Giving Thanks for Pinksocks Today and Every Day….celebrating the book!

Giving Thanks for Pinksocks Today and Every Day….celebrating the book!

HealthPopuli.com – Read More

As today is Thanksgiving in America, my tradition here on Health Populi is to express gratitude for some aspect of life and living, Most often, I’ve referred to the Engage With Grace Project which reminds us to be mindful of our and our loved ones’ end-of-life wishes as we convene around the big table today with our families and friends over big food and drink.

 

 

 

 

 

 

 

 

See here for more on Engage With Grace, a project for which I’m most grateful for launching by Alexandra Drane and Matthew Holt

For today’s gratitude message, I’m turning Pink as in Pinksocks, grateful for the launch of the book and for the movement itself.

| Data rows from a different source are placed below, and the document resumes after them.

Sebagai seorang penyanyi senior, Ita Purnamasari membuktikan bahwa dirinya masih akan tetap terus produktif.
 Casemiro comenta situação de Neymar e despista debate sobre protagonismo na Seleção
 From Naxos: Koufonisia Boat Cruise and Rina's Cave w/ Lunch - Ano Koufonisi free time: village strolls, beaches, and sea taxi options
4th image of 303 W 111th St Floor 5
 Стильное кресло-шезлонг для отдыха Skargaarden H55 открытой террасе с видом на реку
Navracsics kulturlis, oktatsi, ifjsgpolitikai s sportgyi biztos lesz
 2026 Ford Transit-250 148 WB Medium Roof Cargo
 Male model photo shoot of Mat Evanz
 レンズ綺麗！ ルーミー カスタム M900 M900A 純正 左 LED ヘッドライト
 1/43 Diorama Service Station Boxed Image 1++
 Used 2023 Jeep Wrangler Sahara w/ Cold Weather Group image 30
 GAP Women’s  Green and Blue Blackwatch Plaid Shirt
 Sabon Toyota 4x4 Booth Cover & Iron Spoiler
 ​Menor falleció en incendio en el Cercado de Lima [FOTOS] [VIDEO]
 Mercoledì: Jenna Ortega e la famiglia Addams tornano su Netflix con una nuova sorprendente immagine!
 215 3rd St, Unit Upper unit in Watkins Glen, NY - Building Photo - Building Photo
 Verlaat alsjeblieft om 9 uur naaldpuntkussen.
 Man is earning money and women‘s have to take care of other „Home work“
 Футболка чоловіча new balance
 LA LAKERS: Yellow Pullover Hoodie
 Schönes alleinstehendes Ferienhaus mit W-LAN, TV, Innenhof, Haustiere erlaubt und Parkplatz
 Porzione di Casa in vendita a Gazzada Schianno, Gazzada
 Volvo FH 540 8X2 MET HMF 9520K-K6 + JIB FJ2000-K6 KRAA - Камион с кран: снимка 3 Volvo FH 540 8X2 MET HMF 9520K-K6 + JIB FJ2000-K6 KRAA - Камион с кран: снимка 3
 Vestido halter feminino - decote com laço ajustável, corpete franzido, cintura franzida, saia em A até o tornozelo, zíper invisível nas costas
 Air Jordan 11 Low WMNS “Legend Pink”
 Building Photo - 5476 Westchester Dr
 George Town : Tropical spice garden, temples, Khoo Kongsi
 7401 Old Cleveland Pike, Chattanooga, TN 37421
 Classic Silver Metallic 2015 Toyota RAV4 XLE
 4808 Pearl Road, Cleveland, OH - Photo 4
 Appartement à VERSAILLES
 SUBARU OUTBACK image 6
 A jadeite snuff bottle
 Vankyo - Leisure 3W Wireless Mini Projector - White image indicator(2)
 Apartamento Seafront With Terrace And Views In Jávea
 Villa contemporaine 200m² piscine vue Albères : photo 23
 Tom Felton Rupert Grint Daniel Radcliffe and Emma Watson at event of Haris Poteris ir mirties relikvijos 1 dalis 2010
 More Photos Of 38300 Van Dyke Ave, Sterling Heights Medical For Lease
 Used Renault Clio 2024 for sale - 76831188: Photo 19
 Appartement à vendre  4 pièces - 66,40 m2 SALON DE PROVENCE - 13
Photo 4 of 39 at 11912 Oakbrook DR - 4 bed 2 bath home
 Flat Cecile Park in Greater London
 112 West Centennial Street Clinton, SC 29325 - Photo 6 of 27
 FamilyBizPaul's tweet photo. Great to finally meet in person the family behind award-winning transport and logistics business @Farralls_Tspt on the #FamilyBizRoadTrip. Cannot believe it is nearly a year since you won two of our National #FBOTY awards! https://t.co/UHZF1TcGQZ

I am the grateful owner/wearer/donner of several pairs of Pinksocks, first given to me by Nick Adkins, co-founder of the project.

 

 

 

 

 

 

 

 

 

Over the years, I’ve purchased socks to gift people in my own work-journey, to clients and colleagues and friends with whom the Pinksocks mission resonates every time.

That is, to Love More.

Nick and Pinksocks community members appear at virtually every health care conference, pre-announcing a meet-up at some local bar or diner or other convening place whether during HIMSS, HLTH, JP Morgan, VIVE, and so on.

The most recent Pinksocks meet-up I attended was in April 2023 at a wonderful pub in greater London, the Babel Beerhouse. Nick organized quite an international group of health care academics, researchers, thinkers and doers for the date: it was wonderful to catch up with health care raconteaur Roy Lilley, with Dr. Shafi Ahmed, with Krissie Stiles who is an expert on childhood burns and prevention, and of course, with Nick himself.

 

 

 

 

 

 

 

The publication of the book earlier this month by Nick, which chronicles “how a pair of socks became a symbol of love and connection,” seems the perfect topic to cover this Thanksgiving 2025.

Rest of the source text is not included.